1. はじめに
2. 相続税申告における貸付金の問題点
(1) 貸付金が高額である場合、相続税負担が重くなる
(2) 回収見込みがなくても貸付金額で財産評価される。
(3) 不動産による物納のように相続税の納税資金に財産を充当できない。
(4) 相続税の延納制度を利用する際の担保として利用できない。
3. 貸付金の整理方法
(1) 会社が金融機関から借り入れをおこして、そのお金で被相続人の借り入れを精算する
会社の与信枠がある場合に限ります。
この場合、被相続人側も相続税の納税資金も準備できるのでおトクです。
(イメージ図)
(2) 被相続人の借入金をDES(デット・エクイティ・スワップ)の利用により資本金に振り替える
DESとは債務(貸付側からは債権)と株式を交換する取引を言います。
この場合、債務は株式の時価で交換されますので、債務額と時価との差額は債務免除益が生じます。
相続税法上は、被相続人の貸付金が未公開株式に振り替わり時価評価されるので相続財産の圧縮につながります。
また法人課税においても、繰越欠損金が債務免除益よりも多い場合に債務免除益を繰越欠損金と通算することができ、法人税課税を抑えることが出来ます。
(イメージ図)振替時の株価20とする
(3) 被相続人の会社貸付金を一旦返済して、同額を資本金として出資する(疑似DES)
会社に対する貸付金を一旦返済し、同額を会社に出資します。
実質的に貸付金が資本金に振り替わるので上記(2)のDESと似た結果となります。
相続課税の観点からは財産評価において、被相続人の貸付金としての評価から未公開株式としての評価に切り替わります。未公開株式は時価評価なので貸付金よりも低い時価の場合財産評価額を抑えることが出来ます。
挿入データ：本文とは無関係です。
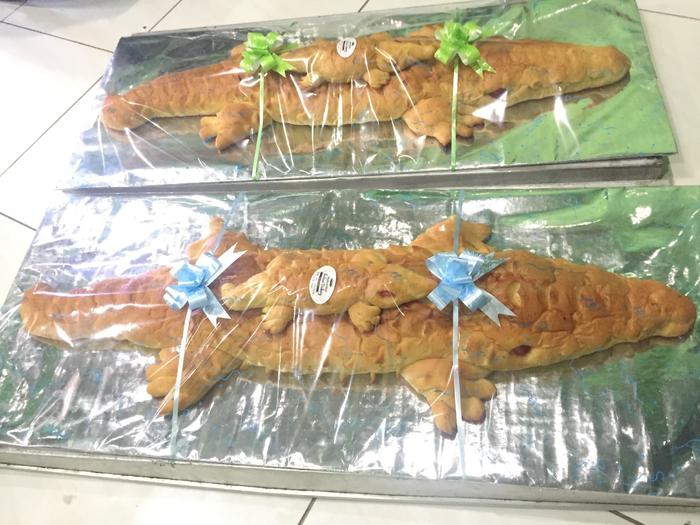 Gambar Roti Buaya Paket lamaran 1/2m dari Rafa cakery and food undefined Tokopedia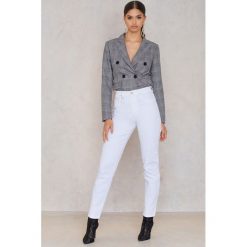 NEUW Jeansy Lola Danna - White. Białe jeansy mom damskie marki NEUW, z denimu. W wyprzedaży za 143,69 zł.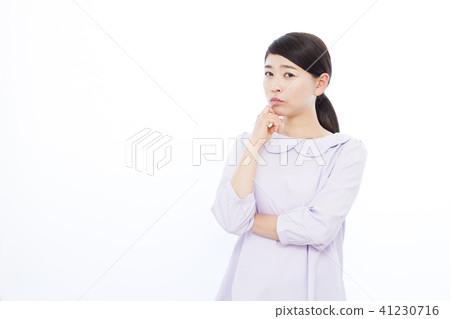 30s women 41230716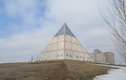 Tiết lộ bất ngờ về kim tự tháp cực hiện đại nổi tiếng Kazakhstan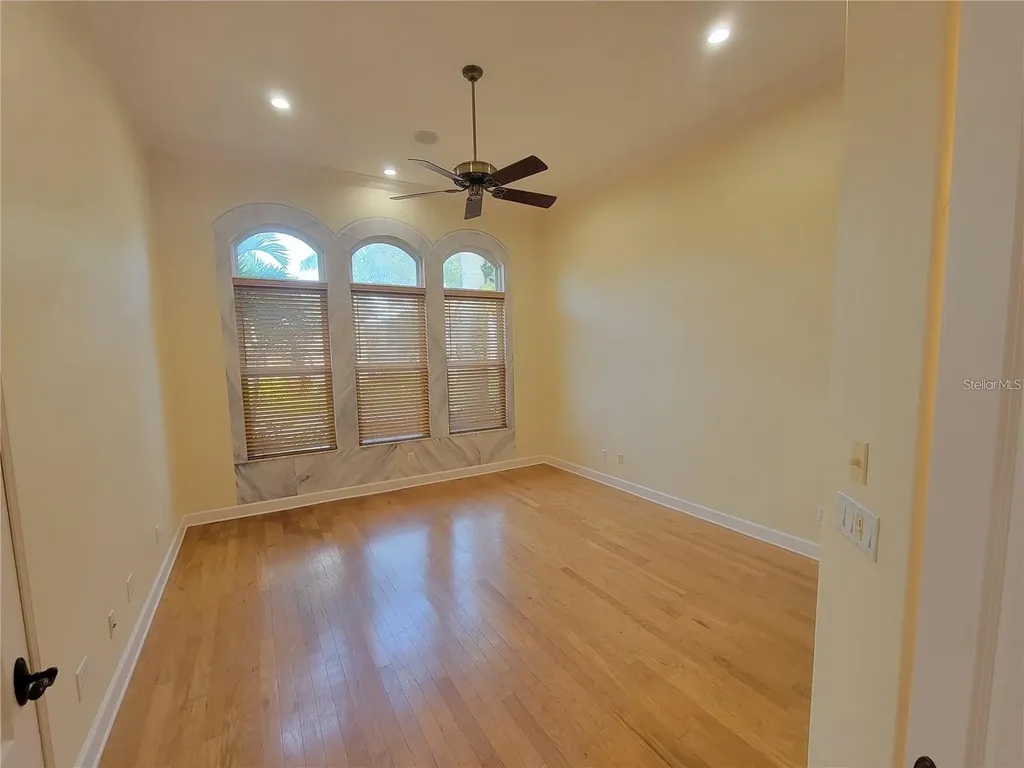 10209 Thurston Groves Boulevard Largo FL 33778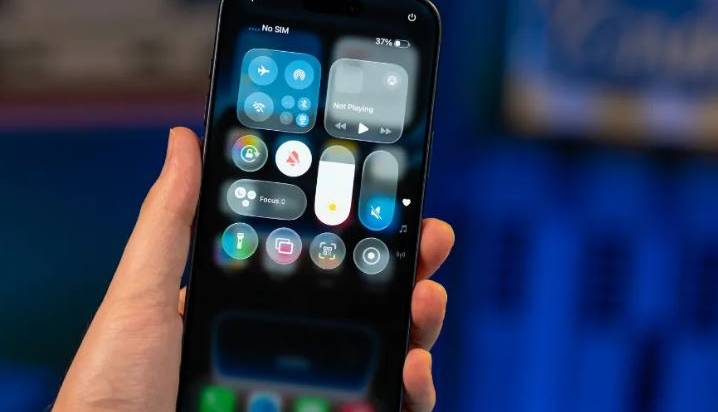 آیفون ایر را کسی نمی‌خرد؛ تأخیر در عرضه مدل دوم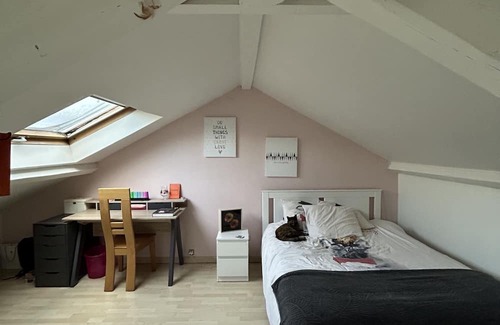 Bron House | Maison Familiale Avec Piscine Proche de Toutes Commodités à 10 min de Lyon !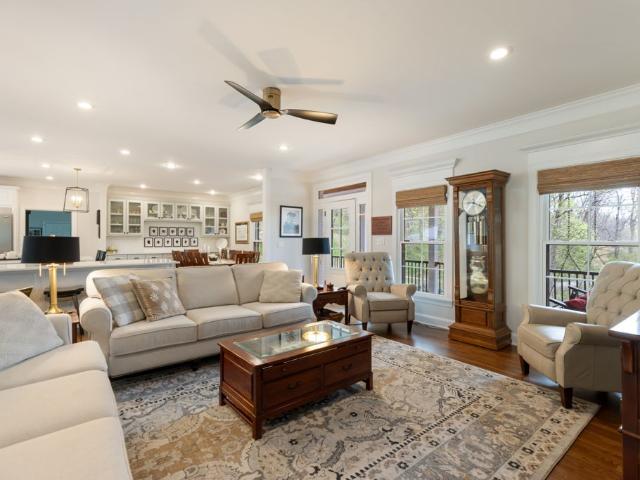 1395 Roy Sellers Rd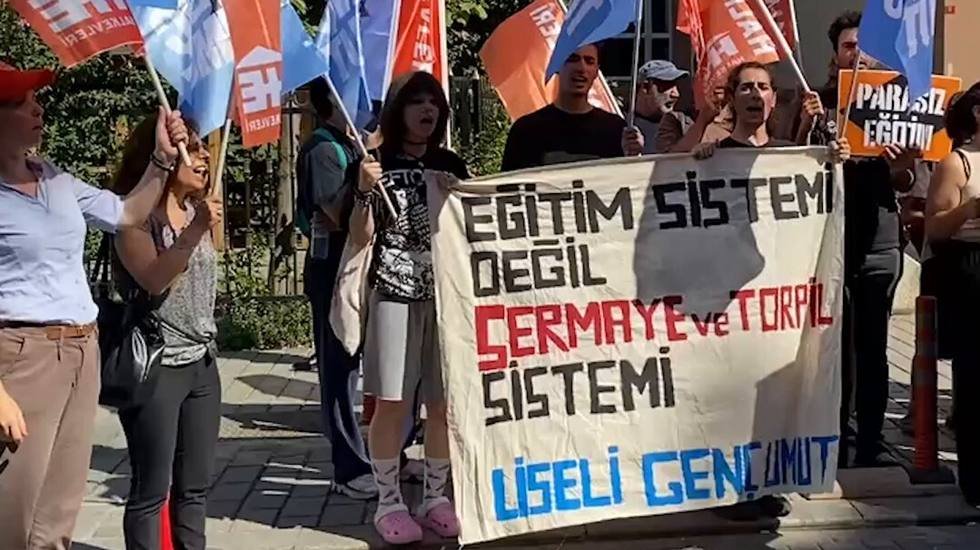 2025 LGS skandalı İstanbul Milli Eğitim önünde protesto edildi…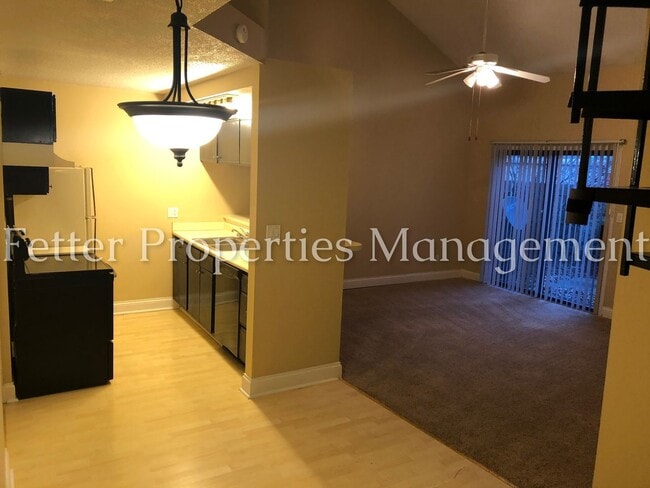 Building Photo - Eastside Evansville Condo!!!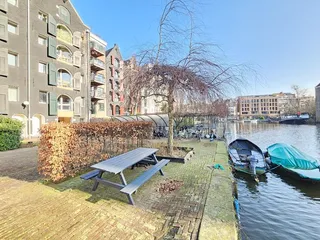 Monumentaal pakhuis met tuin aan water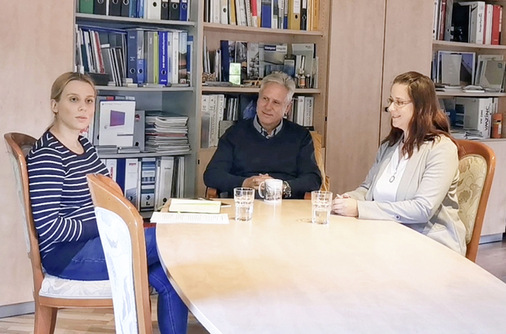 Laura Kornhaaß stellt ihre Fragen an Jens und Claudia Sperber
なお、この場合は上記(2)と違って法人課税において債務免除益は発生しません。
また法人課税においては増資としての扱いになりますので、法人税における中小法人の特例の不適用、均等割や外形標準課税の増額につながる点に留意が必要です。
(イメージ図)
(4) 貸付金を債権放棄する
会社貸付金を債権放棄することで、相続課税の観点からは財産から切り離すことが出来ます。
また法人課税においては、会社貸付金の債権放棄は会社側から見ると債務免除益となりますので、(債権放棄直前の会社の繰越欠損金額)>(債権放棄額)の場合には、法人税等が発生することはありません。